There are many affordable ways to prevent the sticker shock of a major repair. Windshields and tires can often be patched if you catch the problem early enough. You can refill windshield washer fluid yourself for a few dollars, rather than risk being blinded by a mud splatter. Checking reviews is a good way to find a reputable mechanic who will not overcharge or upsell you. And buying quality used tires can be a safe, affordable alternative to paying full price for new ones.


Our study was conducted online. We surveyed 1,207 U.S. residents who have owned a vehicle for at least two years and are primarily responsible for the vehicle’s maintenance. Respondents were 57.7% male and 41.7% female. Seven people (.6%) identified as non-binary.
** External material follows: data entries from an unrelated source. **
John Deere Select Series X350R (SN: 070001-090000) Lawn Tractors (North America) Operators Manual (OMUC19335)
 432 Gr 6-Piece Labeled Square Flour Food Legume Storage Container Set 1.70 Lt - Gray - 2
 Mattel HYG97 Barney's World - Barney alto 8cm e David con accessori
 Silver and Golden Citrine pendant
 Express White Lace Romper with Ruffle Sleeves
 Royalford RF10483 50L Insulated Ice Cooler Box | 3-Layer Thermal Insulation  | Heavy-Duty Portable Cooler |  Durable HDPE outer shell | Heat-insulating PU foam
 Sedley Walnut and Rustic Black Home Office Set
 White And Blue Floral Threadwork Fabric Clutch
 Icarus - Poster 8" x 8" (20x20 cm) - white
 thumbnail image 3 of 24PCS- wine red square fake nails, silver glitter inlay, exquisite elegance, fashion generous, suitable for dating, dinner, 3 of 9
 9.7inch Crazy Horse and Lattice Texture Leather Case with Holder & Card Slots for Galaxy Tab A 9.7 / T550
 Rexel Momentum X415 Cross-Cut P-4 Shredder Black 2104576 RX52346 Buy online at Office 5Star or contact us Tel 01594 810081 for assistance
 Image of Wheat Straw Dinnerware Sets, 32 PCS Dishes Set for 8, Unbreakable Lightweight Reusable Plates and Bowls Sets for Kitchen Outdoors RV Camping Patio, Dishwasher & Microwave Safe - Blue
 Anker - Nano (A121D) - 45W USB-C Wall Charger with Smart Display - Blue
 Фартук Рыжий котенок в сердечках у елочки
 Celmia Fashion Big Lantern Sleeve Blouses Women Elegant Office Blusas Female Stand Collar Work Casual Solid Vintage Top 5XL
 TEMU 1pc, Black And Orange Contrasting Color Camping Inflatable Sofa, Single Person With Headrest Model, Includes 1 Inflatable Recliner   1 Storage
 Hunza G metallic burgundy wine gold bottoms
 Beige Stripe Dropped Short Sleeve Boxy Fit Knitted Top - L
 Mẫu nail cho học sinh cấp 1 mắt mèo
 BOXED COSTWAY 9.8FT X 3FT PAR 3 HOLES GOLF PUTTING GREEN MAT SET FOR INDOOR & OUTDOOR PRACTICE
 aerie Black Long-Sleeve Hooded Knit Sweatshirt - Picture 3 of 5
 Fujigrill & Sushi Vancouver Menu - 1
Participants ranged in age from 18 to 76, with a median age of 37. They came from 48 states (all but Alaska and Vermont) with a distribution as follows: South, 447 (37.5%); West, 279 (23.4%); Midwest, 240 (20%); Northeast, 229 (19.1%) – based on U.S. Census-defined regions.

The median household income was $50,000 to $75,000 with 39.5% earning less and 35.4% earning more.

The survey was based on self-reporting, which can have limitations. However, the margin of error was ±2.82% with a confidence interval of 95% based on the estimated population of 237.3 million car owners in the U.S.

Price estimates came from several aggregator websites including RepairPal, AAA, Kelley Blue Book, Edmunds, and AutoServicesCosts.com. The estimates use the MSRP (manufacturer’s suggested retail price) for parts and automotive industry standard labor times and rates. Costs were generally presented as ranges, since many variables can influence actual price, including the make, model, year, condition, and location of the vehicle.

For the “procrastination price tag” figure, we used the midpoint of the cost difference between prompt and delayed action. For the average total cost of delayed maintenance, we accounted for the probability of each consequence actually happening by multiplying the “procrastination price tag” by the percent of respondents who ignored each issue for more than 90 days.